(Beginning of Provided data)
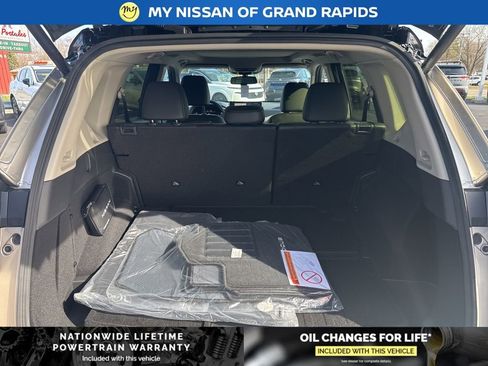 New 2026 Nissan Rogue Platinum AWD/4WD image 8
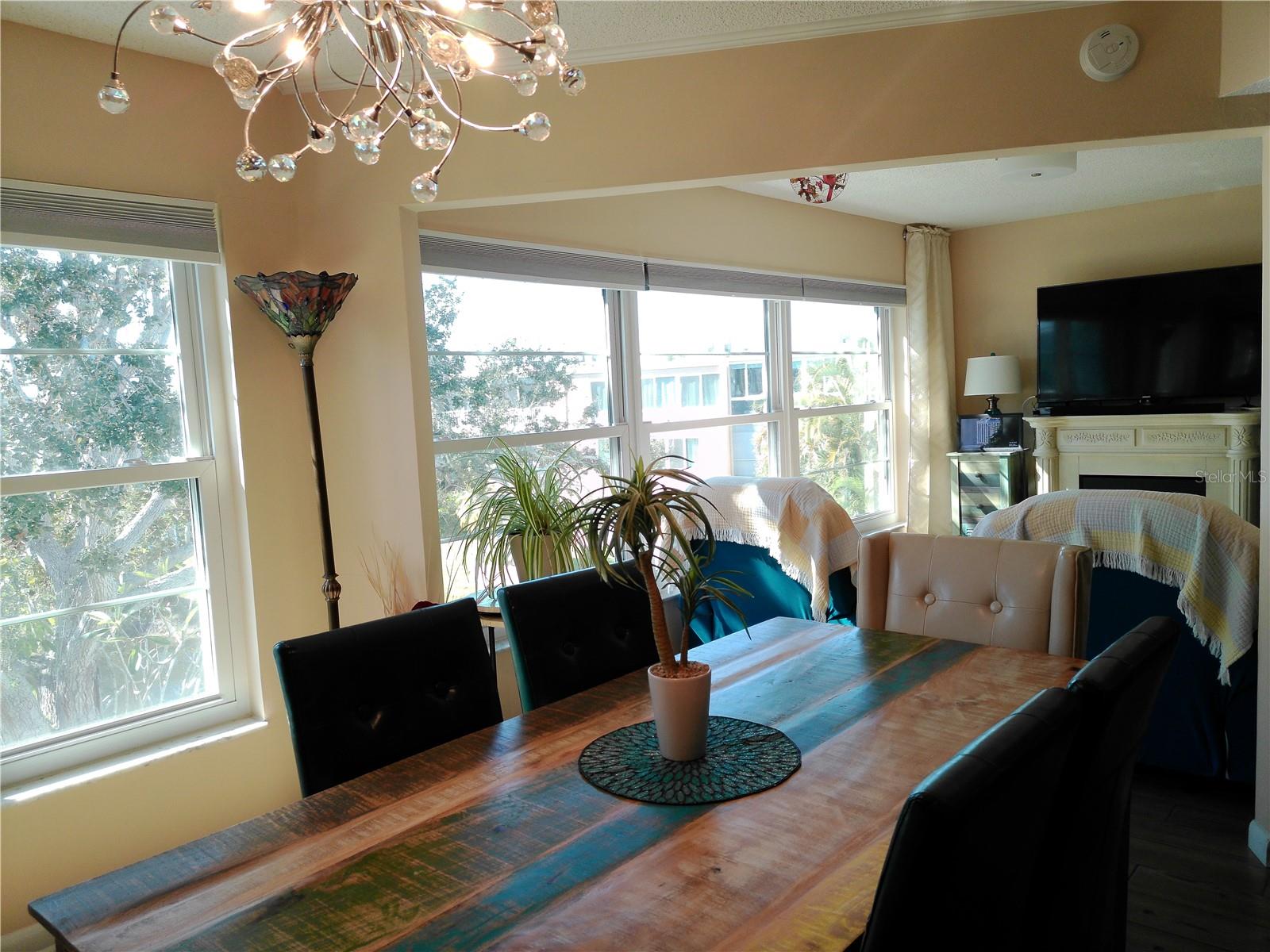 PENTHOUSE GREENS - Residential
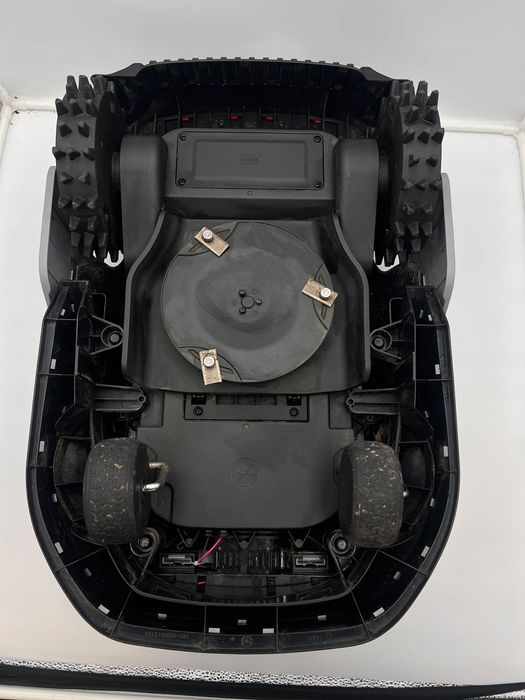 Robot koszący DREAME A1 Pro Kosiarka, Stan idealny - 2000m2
(End of Provided data)
*Brief:* The material above is to be transcribed exactly, with all pictures omitted.

*Task answer:*
 New 2026 Nissan Rogue Platinum AWD/4WD image 8
 PENTHOUSE GREENS - Residential
 Robot koszący DREAME A1 Pro Kosiarka, Stan idealny - 2000m2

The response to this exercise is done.